Hayata Karşı Hissizleştiğimiz Anlarda Bize İyi Gelecek Öneriler
GÜZELLİK

Hayata Karşı Hissizleştiğimiz Anlarda Bize İyi Gelecek Öneriler

Tükenmişlik sendromuyla, hayat düzeninizde basit ve motive edici birkaç değişiklik yaparak baş edebilirsiniz.

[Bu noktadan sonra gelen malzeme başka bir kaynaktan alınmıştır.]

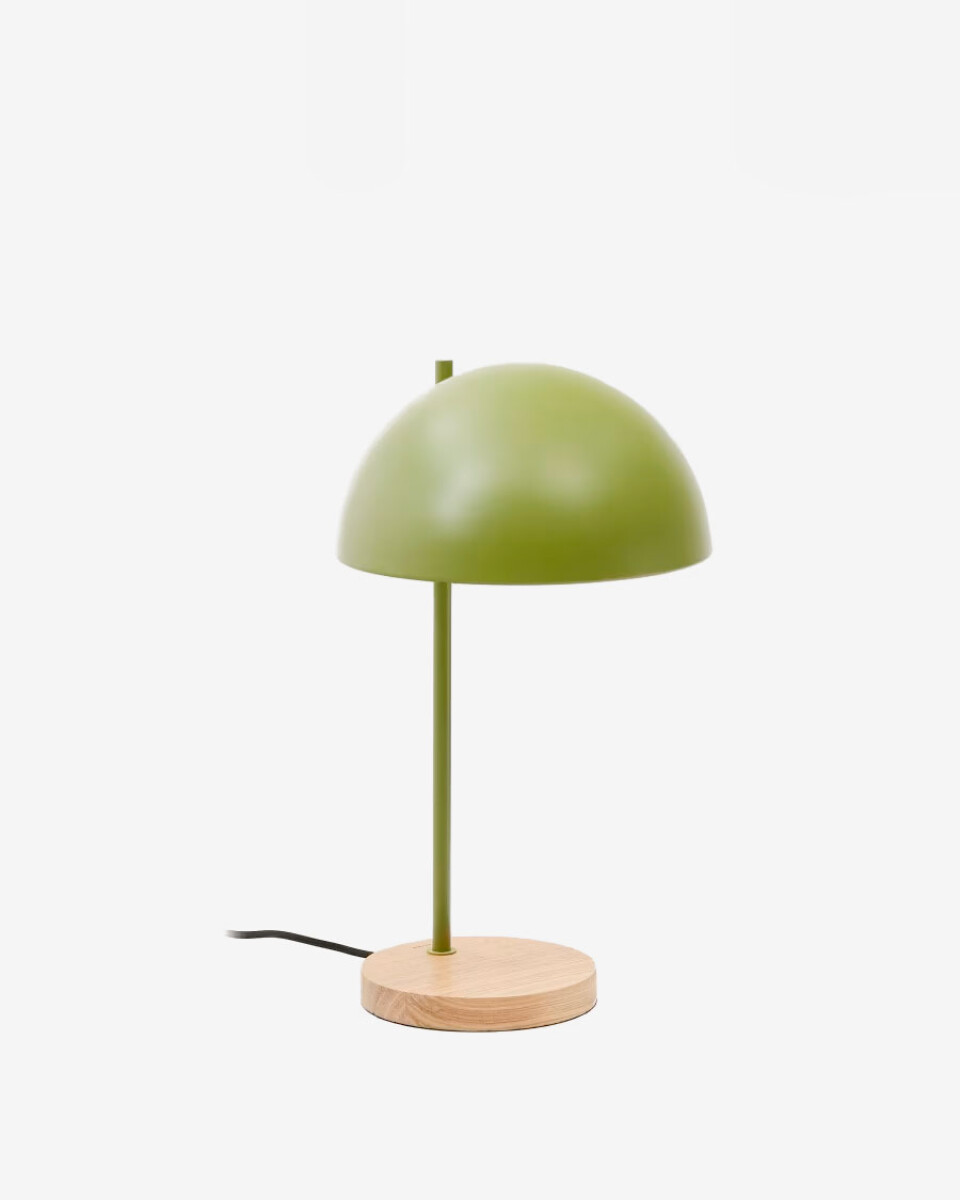 Lámpara de mesa Catlar de madera de fresno y metal - con acabado pintado verde 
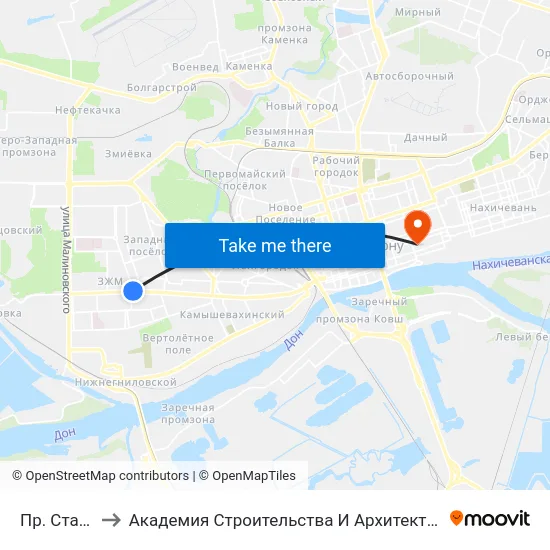 Пр. Стачки to Академия Строительства И Архитектуры Дгту map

GÜNCELLEME TARİHİ: 5 Kasım 2020

Hepimiz tükenmişlik hissini biliriz; her şeyi tüketen bir bunalım hissi, bitkinlik, beyin sisi ve motivasyon eksikliği. Aşırı tüketici, stresli bir kültürde, birçoğumuzun yoğun yaşadığı iniş çıkışlar, hayatın sahip olduğu sayısız beklentiyi yönetecek uygun bir yaşam şekli arayışı…Yaşadığımız olaylar kimi zaman bizi hayata karşı hissizleştirir. Bu olayların geçici olduğunu bilsek de, kendimizi her şeyin düzeleceğine bir türlü ikna edemeyiz. Yaşadığımız her neyse bunun geçici olduğunu ve ne olursa olsun güzel anların bizi beklediği asla unutmamalıyız. Hayatın güzel anlarını daha iyi hissetmemiz için bize iyi gelecek önerilere gelin hep birlikte göz atalım.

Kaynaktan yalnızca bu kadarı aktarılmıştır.